Records provided:
━━━━
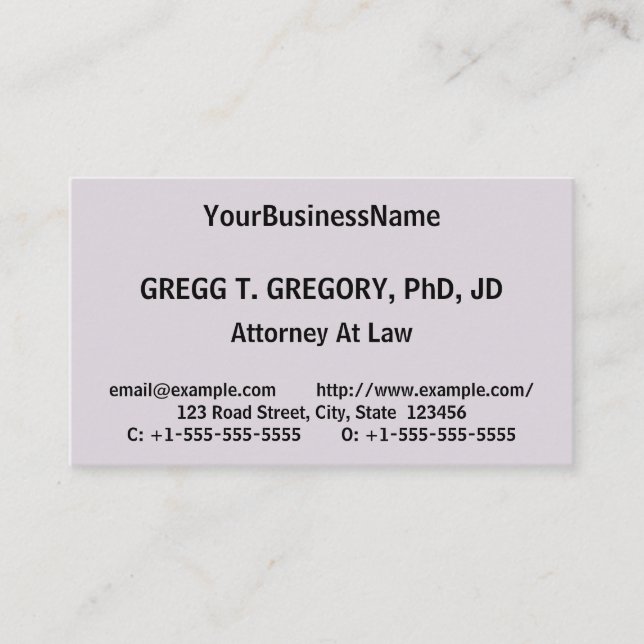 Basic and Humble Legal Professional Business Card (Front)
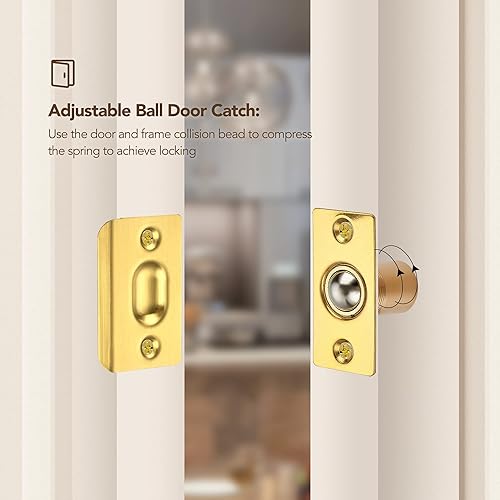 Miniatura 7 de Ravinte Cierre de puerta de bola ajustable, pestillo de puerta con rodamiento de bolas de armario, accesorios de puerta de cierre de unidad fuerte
━━━━
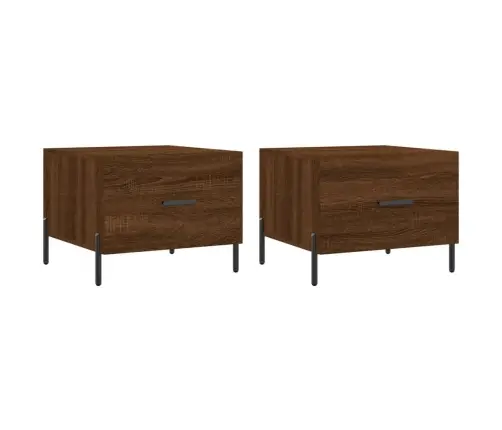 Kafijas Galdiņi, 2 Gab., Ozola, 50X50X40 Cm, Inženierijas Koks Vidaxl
━━━━
Above are the records; return the lines in them from the one with "Basic and Humble" to the one with "Miniatura 7 de", inclusive, exactly and without images.

Result for this exercise:
 Basic and Humble Legal Professional Business Card (Front)
 Miniatura 7 de Ravinte Cierre de puerta de bola ajustable, pestillo de puerta con rodamiento de bolas de armario, accesorios de puerta de cierre de unidad fuerte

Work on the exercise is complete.